# [Exercise details]
Return the data verbatim, without pictures.

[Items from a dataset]
┌──
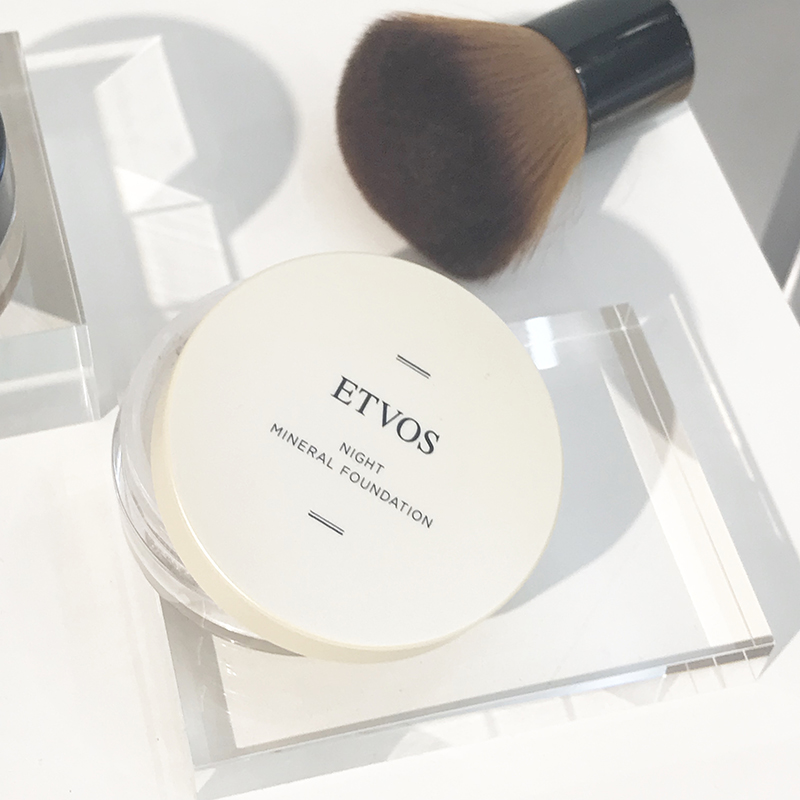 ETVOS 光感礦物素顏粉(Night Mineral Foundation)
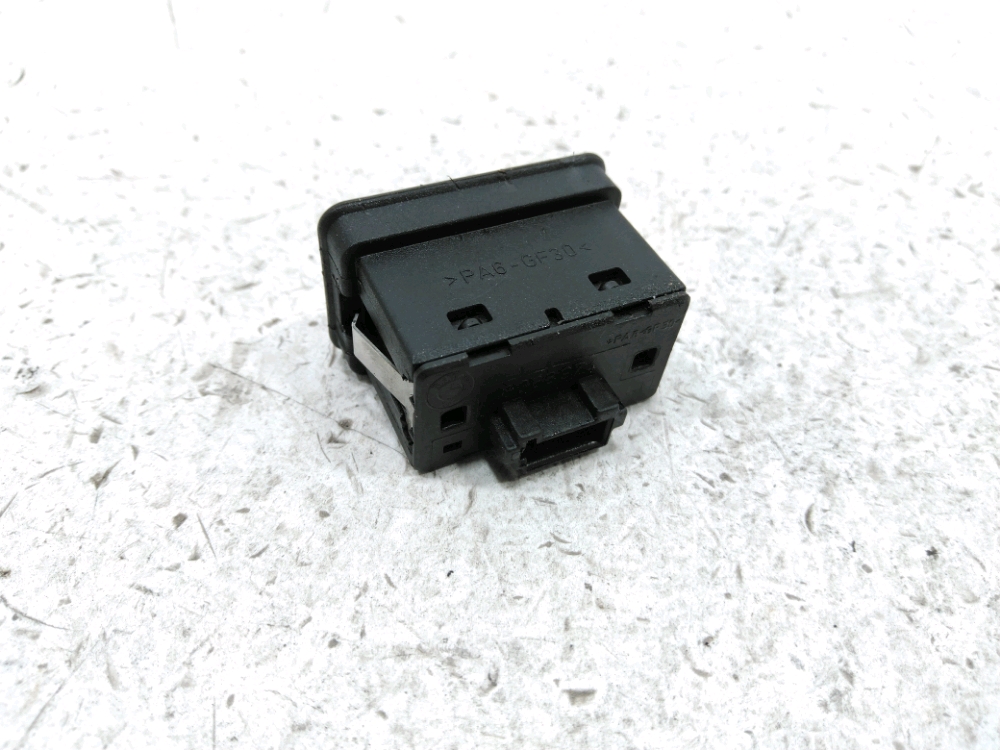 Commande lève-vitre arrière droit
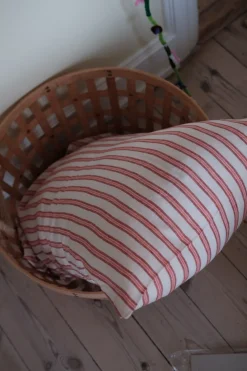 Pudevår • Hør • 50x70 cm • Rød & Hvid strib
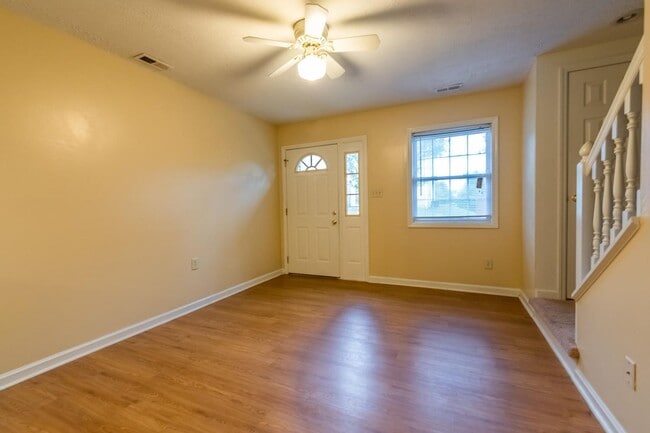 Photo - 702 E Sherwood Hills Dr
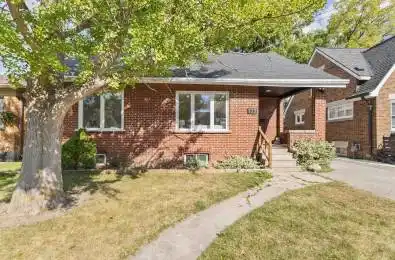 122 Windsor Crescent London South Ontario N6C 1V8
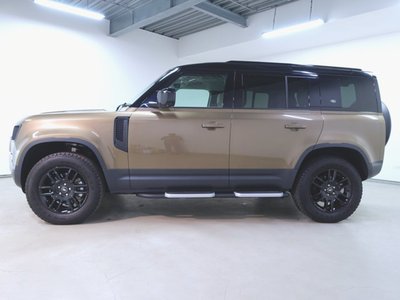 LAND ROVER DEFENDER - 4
└──
# [Task output]
 ETVOS 光感礦物素顏粉(Night Mineral Foundation)
 Commande lève-vitre arrière droit
 Pudevår • Hør • 50x70 cm • Rød & Hvid strib
 Photo - 702 E Sherwood Hills Dr
 122 Windsor Crescent London South Ontario N6C 1V8
 LAND ROVER DEFENDER - 4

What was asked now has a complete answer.